Chronicle was made for $15 million by two 26-year-old newcomers — director Josh Trank and screenwriter Max Landis (son of “Master of Horror” John Landis), who concocted the story together. It’s a fine calling card, with echoes of Akira as well as standard superhero-origin tales. Set in Seattle (but filmed primarily in Vancouver), the film looks glum and realistic — workable and believable soil out of which the fantastic can flower. The young actors swing from exuberance to fear with ease. After a while, Andrew’s camera is held aloft telekinetically so that we can see more; I wasn’t always convinced that the camera would be catching certain events so clearly, but by the climax, where the action becomes both exhilarating and terrifying, I didn’t much care.

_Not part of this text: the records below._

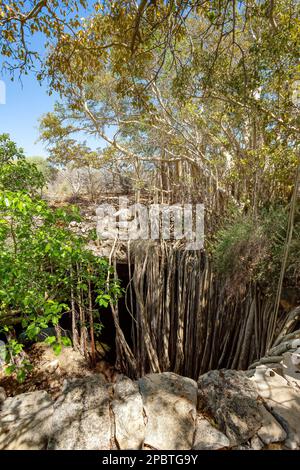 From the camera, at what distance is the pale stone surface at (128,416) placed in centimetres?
107

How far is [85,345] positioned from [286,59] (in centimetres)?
421

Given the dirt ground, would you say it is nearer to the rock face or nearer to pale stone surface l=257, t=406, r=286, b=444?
the rock face

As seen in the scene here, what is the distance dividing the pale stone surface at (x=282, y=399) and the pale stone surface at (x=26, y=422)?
3.57ft

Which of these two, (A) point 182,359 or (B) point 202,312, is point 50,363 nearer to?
(A) point 182,359

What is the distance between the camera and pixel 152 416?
116 centimetres

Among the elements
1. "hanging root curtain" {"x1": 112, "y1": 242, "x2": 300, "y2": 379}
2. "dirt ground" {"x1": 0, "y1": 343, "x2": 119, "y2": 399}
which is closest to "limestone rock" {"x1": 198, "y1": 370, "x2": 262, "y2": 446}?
"hanging root curtain" {"x1": 112, "y1": 242, "x2": 300, "y2": 379}

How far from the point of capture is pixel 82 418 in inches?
45.6

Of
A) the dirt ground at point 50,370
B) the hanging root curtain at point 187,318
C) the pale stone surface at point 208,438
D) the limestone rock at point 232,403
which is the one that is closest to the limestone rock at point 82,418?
the pale stone surface at point 208,438

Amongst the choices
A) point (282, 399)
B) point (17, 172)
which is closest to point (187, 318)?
point (282, 399)

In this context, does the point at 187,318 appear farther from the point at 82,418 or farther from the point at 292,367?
the point at 82,418

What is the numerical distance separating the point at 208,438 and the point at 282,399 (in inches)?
18.6

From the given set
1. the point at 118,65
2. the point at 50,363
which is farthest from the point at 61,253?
the point at 50,363

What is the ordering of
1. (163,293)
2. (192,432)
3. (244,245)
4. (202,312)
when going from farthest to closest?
(163,293) → (202,312) → (244,245) → (192,432)

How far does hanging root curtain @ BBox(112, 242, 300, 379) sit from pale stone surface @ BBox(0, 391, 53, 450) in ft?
6.89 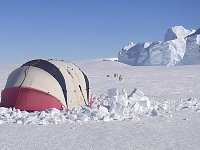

The finale, indeed, makes a lot of what we’ve seen in much more expensive superhero films look stupid. Again, it’s all grounded in identifiable and intense emotions, with untold collateral damage that reminded me of the horrific destruction in an infamous issue of Alan Moore’s Miracleman comic. (If you’re familiar with it, you know what I mean; if not, don’t worry about it.) It’s the first movie since maybe Superman II that made me feel how frightening it might be to get caught between two gods in battle. Andrew, stooped over and burned and wearing a hospital gown, looks like an evil mutant, while Matt is Superman in jeans. The very end is a little facile, and points too eagerly towards a sequel, but that doesn’t seriously lessen the impact of a film that may well give this summer’s The Avengers — whose trailer before this movie already looks so been-there-done-that — a run for its (big) money.